既没有参与剧本编写又没有参与表演的学生,统一编入评价组。评价组的任务之一是要制订评价历史剧剧本和表演的量规,在完成这个任务的过程中,他们要查阅资料,以弄懂什么才叫好的历史剧。其次,他们的另一任务是观剧和评剧,带着问题和任务来观剧,根据评价量规来品评历史剧表演。为了能对历史剧剧本和表演做出客观合理的评价,他们需掌握必要的历史知识。

至于教师,要发挥穿针引线的作用,将剧本组、表演组和评价组有机串联起来。在创编剧本之前,教师要指导评价组制订剧本评价量规,并提供给剧本组。剧本组在创编历史剧剧本时,需参照剧本评价量规的相关要求。表演组在表演历史剧时,剧本组要评价表演组是否忠实于剧本,评价组则按照表演评价量规对其进行评估。

当然,除穿针引线和幕后工作外,教师还有重要事情可做。教师作为班级中专业知识最为丰富的一员,应充分发挥其专业优势,平等地参与到历史剧展演活动中。为了启发学生的深度思考,教师参与的主要途径是提问,而不宜直接进行点评。

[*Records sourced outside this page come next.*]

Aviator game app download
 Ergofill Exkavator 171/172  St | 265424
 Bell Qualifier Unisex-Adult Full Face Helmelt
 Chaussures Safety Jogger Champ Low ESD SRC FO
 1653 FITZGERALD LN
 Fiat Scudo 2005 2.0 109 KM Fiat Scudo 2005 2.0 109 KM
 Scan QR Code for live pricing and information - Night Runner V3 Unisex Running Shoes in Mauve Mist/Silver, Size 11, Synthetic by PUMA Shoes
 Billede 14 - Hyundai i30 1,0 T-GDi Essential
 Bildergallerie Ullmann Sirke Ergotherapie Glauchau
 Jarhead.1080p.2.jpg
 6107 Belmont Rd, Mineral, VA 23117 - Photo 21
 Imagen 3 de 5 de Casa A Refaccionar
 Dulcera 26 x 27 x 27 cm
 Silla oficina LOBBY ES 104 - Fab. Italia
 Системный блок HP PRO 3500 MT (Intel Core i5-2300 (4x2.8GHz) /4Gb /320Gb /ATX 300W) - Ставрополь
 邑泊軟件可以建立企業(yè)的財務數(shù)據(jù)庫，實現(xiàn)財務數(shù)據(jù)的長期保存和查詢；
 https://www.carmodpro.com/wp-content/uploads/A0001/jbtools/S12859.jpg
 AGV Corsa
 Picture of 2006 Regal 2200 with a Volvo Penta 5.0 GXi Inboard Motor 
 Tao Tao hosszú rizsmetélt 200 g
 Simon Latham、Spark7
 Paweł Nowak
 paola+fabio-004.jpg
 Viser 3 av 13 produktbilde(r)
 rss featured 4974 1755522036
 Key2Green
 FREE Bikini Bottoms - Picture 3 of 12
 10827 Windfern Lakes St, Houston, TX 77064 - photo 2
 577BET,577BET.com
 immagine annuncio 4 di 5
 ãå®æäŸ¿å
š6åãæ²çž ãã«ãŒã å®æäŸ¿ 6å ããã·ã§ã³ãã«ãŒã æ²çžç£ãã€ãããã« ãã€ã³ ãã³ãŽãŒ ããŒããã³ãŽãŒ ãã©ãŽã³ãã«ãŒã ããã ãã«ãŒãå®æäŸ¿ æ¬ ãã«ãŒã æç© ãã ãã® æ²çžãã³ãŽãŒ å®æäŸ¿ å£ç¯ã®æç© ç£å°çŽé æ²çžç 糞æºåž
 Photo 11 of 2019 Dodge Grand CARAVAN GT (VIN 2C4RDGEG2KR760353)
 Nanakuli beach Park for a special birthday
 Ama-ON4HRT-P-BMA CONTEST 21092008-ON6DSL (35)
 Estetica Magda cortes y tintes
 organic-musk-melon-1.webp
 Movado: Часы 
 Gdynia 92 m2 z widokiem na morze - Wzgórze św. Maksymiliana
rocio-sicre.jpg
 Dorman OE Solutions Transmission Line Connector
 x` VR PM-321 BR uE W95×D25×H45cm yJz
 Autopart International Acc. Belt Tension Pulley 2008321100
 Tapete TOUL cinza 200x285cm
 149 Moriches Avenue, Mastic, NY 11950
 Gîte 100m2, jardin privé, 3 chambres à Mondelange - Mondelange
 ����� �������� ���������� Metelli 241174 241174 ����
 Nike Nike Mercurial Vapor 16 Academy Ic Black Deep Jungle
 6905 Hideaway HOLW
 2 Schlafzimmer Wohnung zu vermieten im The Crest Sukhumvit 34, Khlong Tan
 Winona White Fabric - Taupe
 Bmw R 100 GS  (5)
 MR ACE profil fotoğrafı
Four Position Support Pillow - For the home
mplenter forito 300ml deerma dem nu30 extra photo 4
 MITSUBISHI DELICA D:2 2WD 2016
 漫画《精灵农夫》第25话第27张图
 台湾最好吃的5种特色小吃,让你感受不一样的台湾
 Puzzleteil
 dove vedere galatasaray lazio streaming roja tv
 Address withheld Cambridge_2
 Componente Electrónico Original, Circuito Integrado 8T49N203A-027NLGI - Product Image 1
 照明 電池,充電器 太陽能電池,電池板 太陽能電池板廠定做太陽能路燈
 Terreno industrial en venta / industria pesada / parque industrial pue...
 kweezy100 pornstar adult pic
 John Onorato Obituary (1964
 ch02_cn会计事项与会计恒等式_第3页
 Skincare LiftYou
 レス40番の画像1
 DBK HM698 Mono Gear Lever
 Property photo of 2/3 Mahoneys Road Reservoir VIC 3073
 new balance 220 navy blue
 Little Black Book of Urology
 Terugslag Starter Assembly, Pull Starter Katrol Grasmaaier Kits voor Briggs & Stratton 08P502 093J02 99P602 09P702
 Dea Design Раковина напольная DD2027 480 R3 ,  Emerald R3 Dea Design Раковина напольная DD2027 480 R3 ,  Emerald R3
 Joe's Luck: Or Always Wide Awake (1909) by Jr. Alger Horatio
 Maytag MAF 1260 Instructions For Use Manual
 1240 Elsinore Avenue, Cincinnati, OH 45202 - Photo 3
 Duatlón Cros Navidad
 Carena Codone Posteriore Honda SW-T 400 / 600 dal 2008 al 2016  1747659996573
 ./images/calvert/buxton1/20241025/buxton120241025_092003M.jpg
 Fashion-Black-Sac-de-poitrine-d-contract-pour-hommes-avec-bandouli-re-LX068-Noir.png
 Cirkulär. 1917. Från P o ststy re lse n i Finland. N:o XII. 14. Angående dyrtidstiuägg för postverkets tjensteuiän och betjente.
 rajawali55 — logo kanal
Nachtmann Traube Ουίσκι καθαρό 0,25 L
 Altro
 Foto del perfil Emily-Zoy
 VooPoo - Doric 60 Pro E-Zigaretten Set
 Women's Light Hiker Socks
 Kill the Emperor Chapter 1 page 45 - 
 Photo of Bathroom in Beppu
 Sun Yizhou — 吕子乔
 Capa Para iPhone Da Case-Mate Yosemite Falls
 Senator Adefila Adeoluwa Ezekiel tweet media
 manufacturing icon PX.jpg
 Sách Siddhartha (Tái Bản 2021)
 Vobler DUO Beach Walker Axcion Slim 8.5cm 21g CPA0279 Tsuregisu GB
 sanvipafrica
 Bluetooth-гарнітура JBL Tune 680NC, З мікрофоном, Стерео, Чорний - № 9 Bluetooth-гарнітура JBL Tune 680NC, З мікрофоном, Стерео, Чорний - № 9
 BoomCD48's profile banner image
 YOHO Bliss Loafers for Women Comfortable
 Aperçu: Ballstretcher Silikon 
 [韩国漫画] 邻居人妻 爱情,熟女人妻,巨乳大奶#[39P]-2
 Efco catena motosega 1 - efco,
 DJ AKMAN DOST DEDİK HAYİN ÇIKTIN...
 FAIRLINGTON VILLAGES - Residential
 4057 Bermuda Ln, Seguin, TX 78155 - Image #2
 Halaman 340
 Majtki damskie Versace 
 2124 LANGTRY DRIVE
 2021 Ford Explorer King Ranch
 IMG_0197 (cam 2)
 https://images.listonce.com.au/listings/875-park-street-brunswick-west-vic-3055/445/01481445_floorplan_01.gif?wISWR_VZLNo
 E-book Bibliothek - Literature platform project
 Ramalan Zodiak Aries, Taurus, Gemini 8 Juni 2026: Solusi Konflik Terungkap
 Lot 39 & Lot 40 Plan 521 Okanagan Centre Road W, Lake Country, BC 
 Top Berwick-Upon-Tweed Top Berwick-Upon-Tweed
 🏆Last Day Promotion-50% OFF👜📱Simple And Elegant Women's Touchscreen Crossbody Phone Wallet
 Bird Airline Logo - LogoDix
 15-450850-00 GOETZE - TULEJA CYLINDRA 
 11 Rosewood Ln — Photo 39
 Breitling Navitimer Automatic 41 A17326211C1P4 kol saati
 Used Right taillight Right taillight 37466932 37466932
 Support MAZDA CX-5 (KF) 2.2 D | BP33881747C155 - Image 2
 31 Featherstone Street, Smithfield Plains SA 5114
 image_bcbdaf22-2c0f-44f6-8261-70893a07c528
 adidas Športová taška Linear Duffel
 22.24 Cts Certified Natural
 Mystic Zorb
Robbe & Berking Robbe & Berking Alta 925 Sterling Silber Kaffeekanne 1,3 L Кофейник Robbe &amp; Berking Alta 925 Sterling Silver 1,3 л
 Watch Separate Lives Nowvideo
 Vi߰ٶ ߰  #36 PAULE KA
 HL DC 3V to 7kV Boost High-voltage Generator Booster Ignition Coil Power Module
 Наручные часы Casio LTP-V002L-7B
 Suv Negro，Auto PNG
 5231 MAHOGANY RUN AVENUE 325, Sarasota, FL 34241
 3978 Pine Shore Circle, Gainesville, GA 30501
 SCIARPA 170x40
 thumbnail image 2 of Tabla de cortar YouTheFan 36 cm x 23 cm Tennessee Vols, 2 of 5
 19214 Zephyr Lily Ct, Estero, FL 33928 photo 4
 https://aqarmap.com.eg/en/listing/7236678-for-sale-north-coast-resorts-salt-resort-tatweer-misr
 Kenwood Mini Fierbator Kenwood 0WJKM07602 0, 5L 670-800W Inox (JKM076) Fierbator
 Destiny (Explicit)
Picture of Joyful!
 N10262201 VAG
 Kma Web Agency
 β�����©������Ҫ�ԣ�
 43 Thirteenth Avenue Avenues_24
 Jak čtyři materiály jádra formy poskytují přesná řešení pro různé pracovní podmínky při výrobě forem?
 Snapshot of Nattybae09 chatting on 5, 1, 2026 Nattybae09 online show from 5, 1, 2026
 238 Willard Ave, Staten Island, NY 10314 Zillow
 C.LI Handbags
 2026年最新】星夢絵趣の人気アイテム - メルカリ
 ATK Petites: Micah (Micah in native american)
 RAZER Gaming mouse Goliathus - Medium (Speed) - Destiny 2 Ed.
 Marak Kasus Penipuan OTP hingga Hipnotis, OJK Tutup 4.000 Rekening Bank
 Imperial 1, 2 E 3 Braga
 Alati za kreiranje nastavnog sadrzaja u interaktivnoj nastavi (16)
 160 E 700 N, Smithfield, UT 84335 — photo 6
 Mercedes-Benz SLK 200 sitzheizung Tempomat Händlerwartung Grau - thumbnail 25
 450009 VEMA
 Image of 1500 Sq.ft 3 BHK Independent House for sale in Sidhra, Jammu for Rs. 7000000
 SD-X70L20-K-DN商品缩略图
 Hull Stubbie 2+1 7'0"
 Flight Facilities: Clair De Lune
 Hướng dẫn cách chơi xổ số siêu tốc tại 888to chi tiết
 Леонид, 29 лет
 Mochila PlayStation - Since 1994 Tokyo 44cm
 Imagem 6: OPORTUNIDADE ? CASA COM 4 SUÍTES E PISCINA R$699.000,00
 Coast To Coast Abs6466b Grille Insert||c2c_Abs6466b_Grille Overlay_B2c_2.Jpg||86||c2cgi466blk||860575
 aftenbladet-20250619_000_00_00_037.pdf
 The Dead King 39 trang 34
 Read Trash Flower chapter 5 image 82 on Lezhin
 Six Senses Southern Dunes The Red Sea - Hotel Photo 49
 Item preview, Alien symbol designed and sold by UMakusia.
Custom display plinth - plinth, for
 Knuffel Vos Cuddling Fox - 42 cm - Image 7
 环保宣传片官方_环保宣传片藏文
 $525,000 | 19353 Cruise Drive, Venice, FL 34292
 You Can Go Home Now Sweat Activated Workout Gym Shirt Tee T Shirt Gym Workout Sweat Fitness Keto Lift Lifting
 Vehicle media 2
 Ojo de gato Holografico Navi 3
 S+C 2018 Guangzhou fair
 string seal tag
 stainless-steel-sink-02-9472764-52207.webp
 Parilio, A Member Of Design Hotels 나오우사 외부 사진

也就是说,在表演组进行历史剧表演时,教师应适时提问,引导剧本组和评价组思考。例如,在“首止会盟”演出结束后,教师可提出以下问题:

周惠王欲废太子姬郑而立其弟姬带,这符合礼法么?这说明了什么?

姬郑身为太子,却向齐桓公求助,这又说明什么?

齐桓公是出于怎样的目的帮助姬郑的呢?他为什么要这样做?

表演的同学是如何理解的?台下的同学是如何理解的?

在“葵丘之盟”演出结束后,教师可提出以下问题:

齐桓公为什么要当霸主?

周王为什么要派代表参加?

齐桓公为什么坚持行礼?

诸侯为什么愿意参与盟誓?

诸侯为什么要发出这样的盟誓?

如何理解齐桓公口中的“彼此友好相处”?

你如何评价齐桓公这位霸主?

这些问题的提出,旨在促使历史剧的展演不仅成为一场艺术表演活动,更要成为一次深度学习活动。剧本组和评价组,在思考与回答教师问题的过程中,形成自己对历史的认识。而透过学生的回答,教师亦能评估学生表演和观演的效果,从而有效地对课堂教学实施监控与调整。

美国学者乔伊斯认为,角色扮演建立在教育的个人和社会双重取向的基础之上。角色扮演的过程为学生提供了学习人类行为的实例:一是探究他们的情感;二是洞察他们的态度、价值观及对事物的看法;三是培养他们解决问题的技巧及其对此的态度;四是从不同的途径研究问题。[9](P70)历史剧作为角色扮演的一种方式,可让学生很好地“神入”历史,探究历史,从而产生深度学习。因此,让历史剧更多地进入课堂,更好地发挥其作用,是历史教育从业者的重要职责。